I received a copy from Edelweiss.
This book pretty much had me at two besties who binge watch old X Files reruns. As I am a massive X Files addict. And still binge-watch the series myself. The in-depth X Files references that are a huge bulk of the plot are worth five stars alone.
However, there are many other reasons for why this is one the best books I have read this year. The basic theme of the novel is there is no such thing as "normal" when you are 17/18 and just starting out in life. Its a journey of self discovery for two very different characters who in spite of being best friends and sharing a love of sci-fi stuff, realise they need to find their own paths in life.
Told in first person, first from Rory's point of view. He's the weird fat kid, lives with a difficult home life - alcoholic mom, and mom's stream of unsteady boyfriends. He's also gay and seems to be afraid to tell anyone. He's also at the start of the novel in a relationship which his much older boss, a divorced father of two who runs the small town's book shop/coffee shop. They sneak around a lot for obvious reasons. Rory's best friend is Lula, who shares his obsessive love of the X Files, they watch and talk about the episodes, their thoughts on plots, conspiracy theories and chat and stuff on the fan forums. The novel is set several years in the past, just before the second X Files movie comes out.
Rory has a delightfully snarky tone, he's enigmatic and charming (even though he doesn't seem to think so) and he's very worried about being caught with his boss, Andy. He wants more out of the relationship, but he doesn't seem to be getting it. He's afraid of telling Lula, even though she tells him everything. He also randomly starts being friendly with the school quarterback, Seth. Who convinces him with his stocky build he'd be great for the team. Which for some reason Lula seems to think is absurd. She comes off in Rory's view points as kind of judgemental.
When Lula catches him with Andy and gives him a piece of her mind for not trusting her enough with the truth, things rapidly fall apart. Lula disappears and Rory starts to fall apart without her. No one knows if she has run away or been kidnapped. But as Rory struggles to understand what happened with Lula and why she ran off and won't answer his emails or anything, he does start to realise that he can have his own life without needing to run everything by her. He learns there's plenty of stuff she has never told him either.
The second half off the novel tells the story from Lula's view point. Which I was quite pleased about. As interesting as Rory's point of view was, when the novel turned to Lula's unexpected disappearance I kept thinking it would be nice to see it from Lula's point of view, or at least get some chapters from her explaining why she did what she did.
Initially I liked Lula's brassiness, her tone of voice (sci-fi and Lord of the Rings obsessions which I totally understand) but in the second half of the novel I absolutely fell in love with her. Lula had plenty of reason it turns out, to run away. She has her own drama at home. She lives with her somewhat strict grandparents, raised by them as her mother left when she was very young and had has no idea who her father is. She has a backpack of stuff left by her mother, some books and stuff she reads over and over. All she knows about her mother is mom wanted to be an actress and left for New York.
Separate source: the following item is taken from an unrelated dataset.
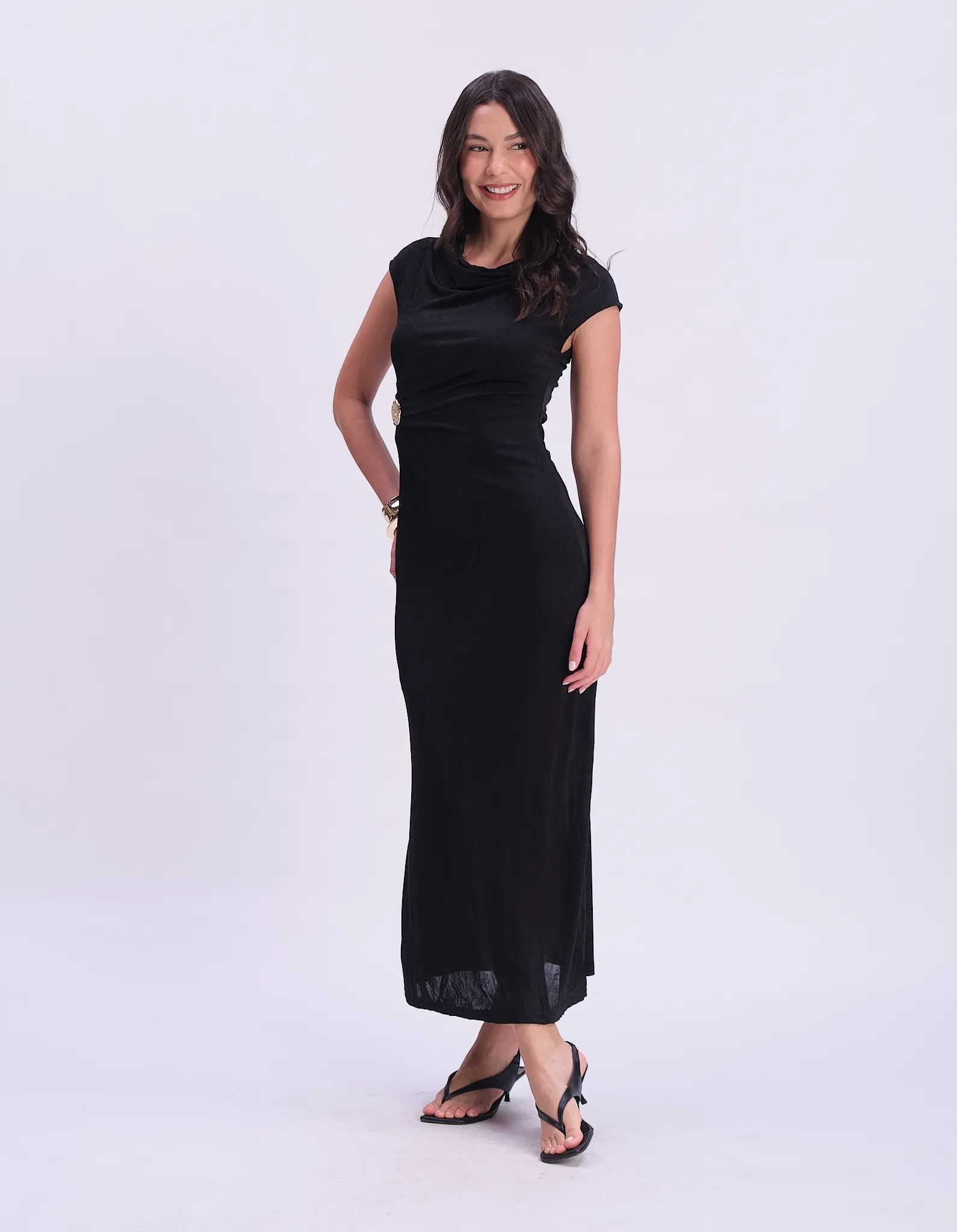 Vestido Longo Detalhe Lateral - Preto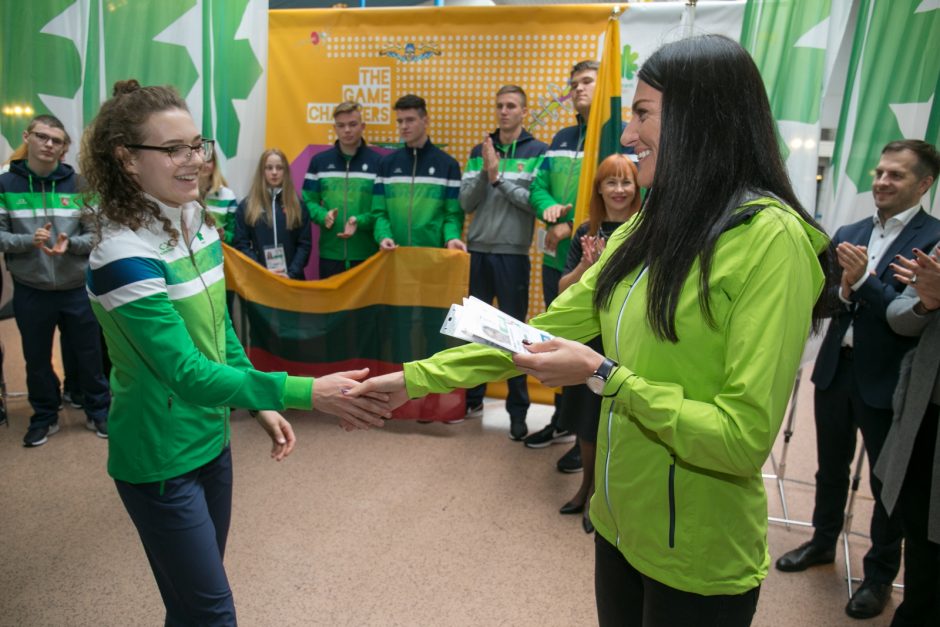 Sportininkus į jaunimo olimpines žaidynes išlydėjo ir ministrė, ir elitiniai atletai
Lula seems to have no idea what she wants to do with her life. She's never dated, though she thinks she might be interested in Rory, and pretty much freaks when she catches him with Andy. Its not the fact Rory's gay, its that Andy is so much older. And he didn't trust her enough to tell her about him. At some point she thought he might like her. Her thoughts on the subject are disjointed. She does some pretty stupid things when she finds out.
All which coalesce into her running away. Lula wants to find some sort of direction in her life but has no idea how. Her struggles as she finds her answers, are deeply moving. And Lula is a much more likeable character when the story is told from her point of view and things are explained. When Lula comes home, there are massive consequences for her actions. The friendship with Rory takes an unexpected turn.
Lula is forced to deal with her mistakes. All the while still trying to figure out among other things, her sexuality. She just doesn't know. Is she straight, gay or bisexual? She finally comes to the conclusion that it doesn't matter if she doesn't know right now. She's 18, she's got her whole life ahead of her.
There are some wonderful side characters who help her figure this out. A cool teacher, her mother's husband Walter, (Lula's mom turns out to be kind of a bitch but at least there is some sort of closure there, the man she marries though was a brilliant character) and Seth the quarterback who started off being Rory's friend turns up again and turns out to be pretty awesome and nothing like the jock quarterback you wouldm expect in a YA novel.
While nothing turned out the way you would maybe expect it to, even though things between Rory and Lula have their ups and down, they always manage to reconnect over their love of the X Files. This was something that was really fun and nice to see they still had something in common.
I need a sequel set in modern day times where Lula and Rory run into each other and connect again over the new upcoming X Files revival series.
It was an emotional roller coaster with deeply fleshed out characters a brilliant storyline. I loved this one from start to finish.
Thank you to Edelweiss and Three Rooms Press for approving my request to view the title.